## Task
Below are the records; extract from them the line containing "430 Spindle Ridge" to the line containing "1 bed, 700 sqft, $750 — Photo 2", both lines included, exactly and with no pictures.

## Provided data
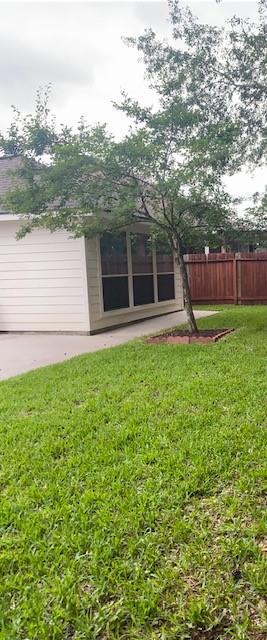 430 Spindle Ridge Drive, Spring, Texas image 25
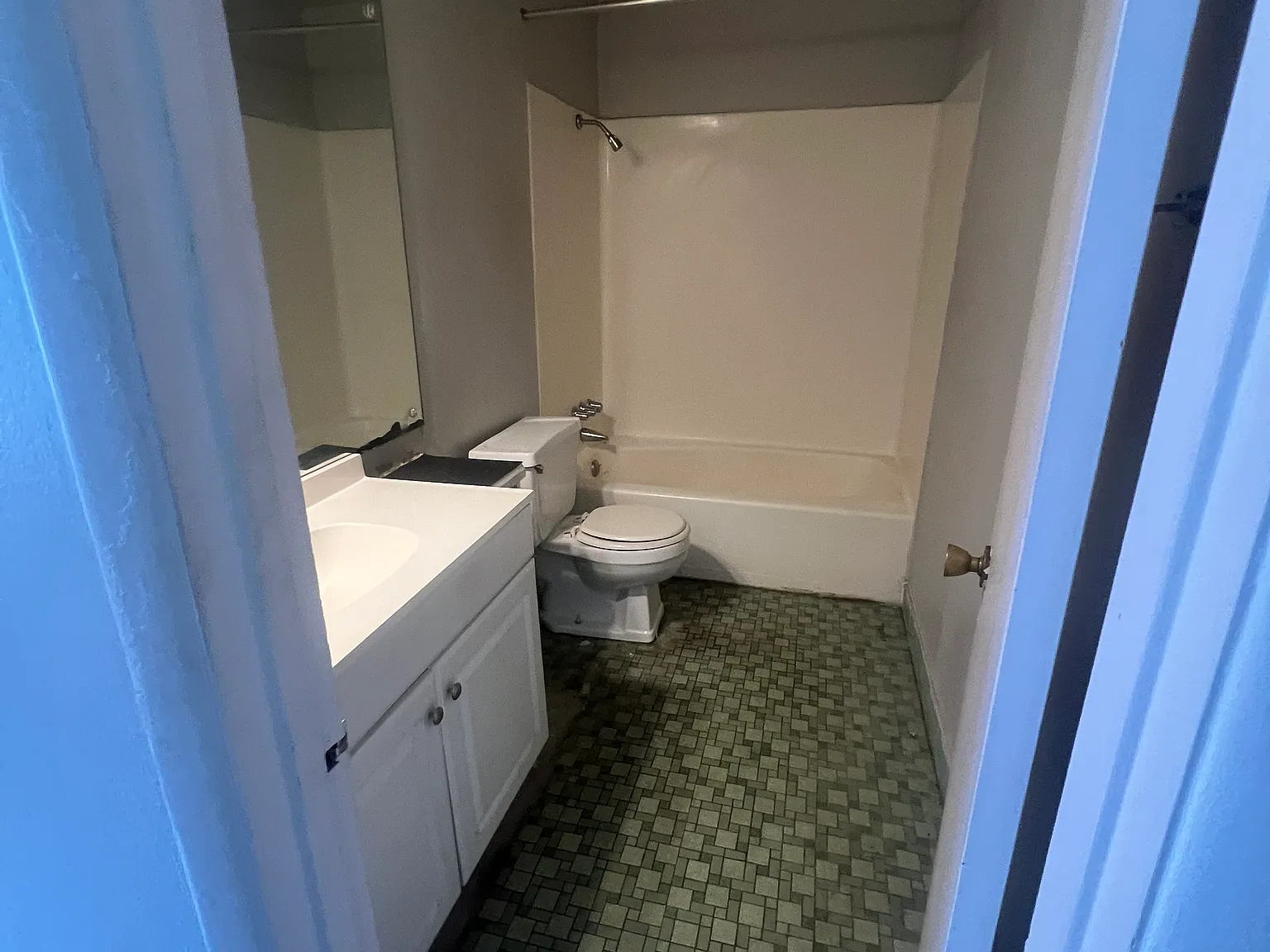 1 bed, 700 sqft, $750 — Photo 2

---

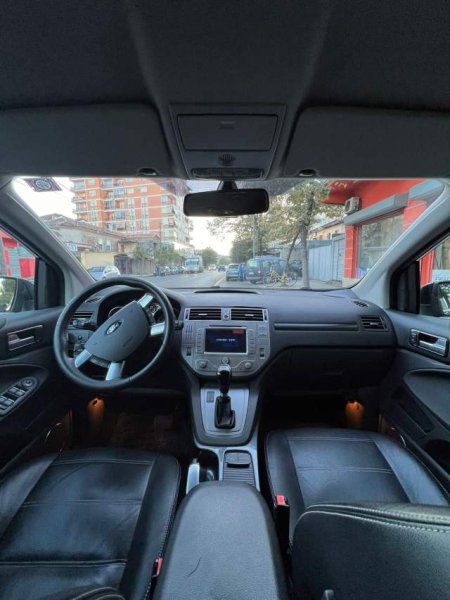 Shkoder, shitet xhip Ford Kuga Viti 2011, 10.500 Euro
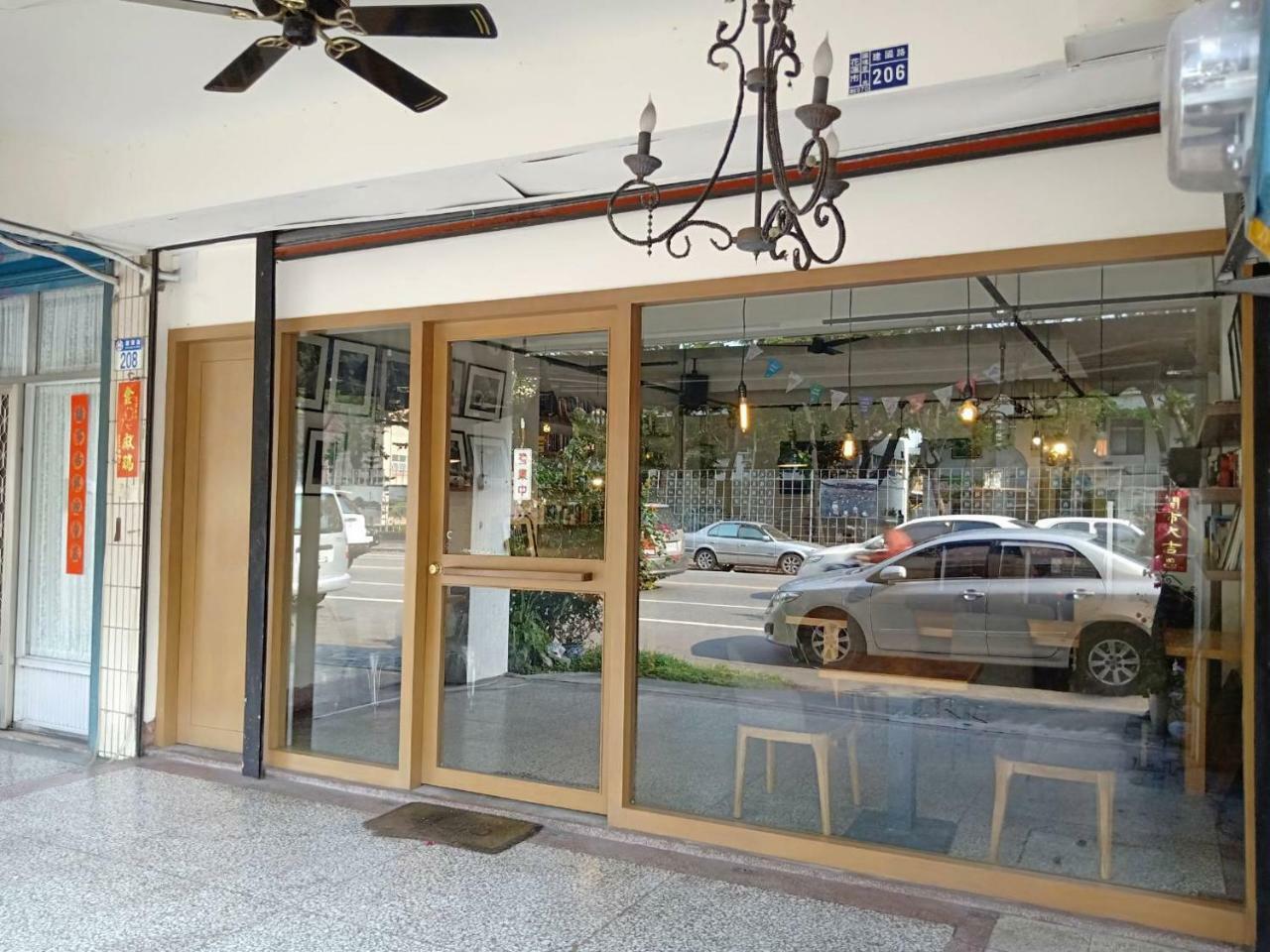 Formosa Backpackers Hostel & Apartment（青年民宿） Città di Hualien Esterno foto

## Answer
 430 Spindle Ridge Drive, Spring, Texas image 25
 1 bed, 700 sqft, $750 — Photo 2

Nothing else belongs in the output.